▶ **Source records**
Start of Block

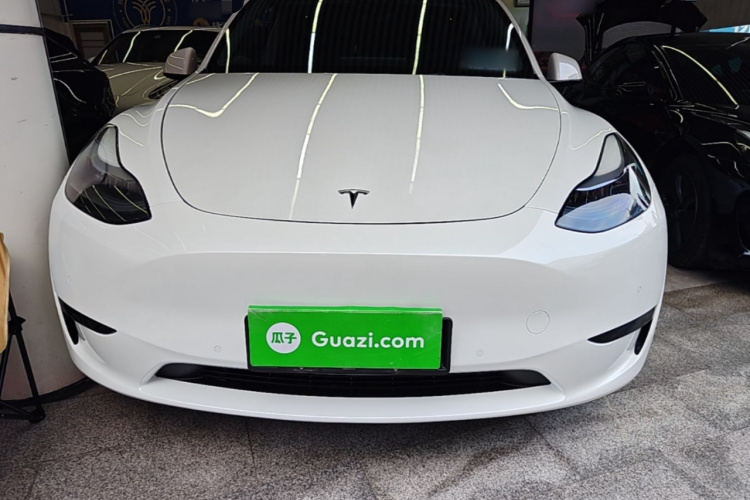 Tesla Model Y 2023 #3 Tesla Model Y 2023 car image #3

End of Block
Start of Block

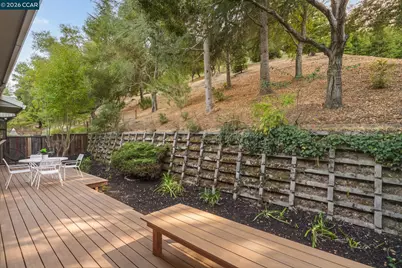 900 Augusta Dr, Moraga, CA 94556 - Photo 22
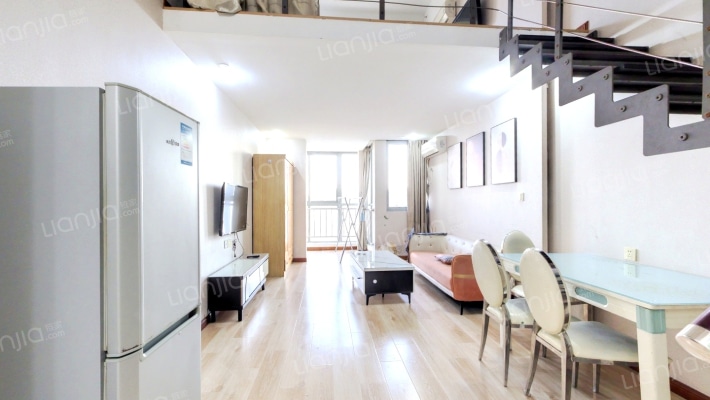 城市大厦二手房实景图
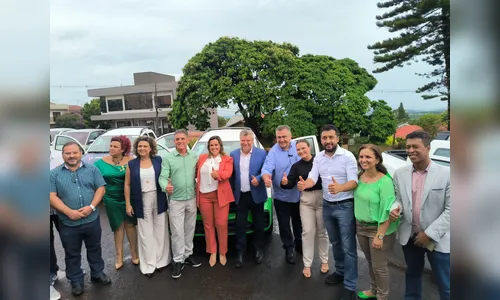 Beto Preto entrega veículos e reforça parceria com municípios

End of Block

▶ **What the exercise asks**
No picture is to be printed. Output exactly the lines above from the line containing "900 Augusta Dr, Moraga, CA 94556 - Photo 22" through the line containing "Beto Preto entrega".

▶ **Task response**
 900 Augusta Dr, Moraga, CA 94556 - Photo 22
 城市大厦二手房实景图
 Beto Preto entrega veículos e reforça parceria com municípios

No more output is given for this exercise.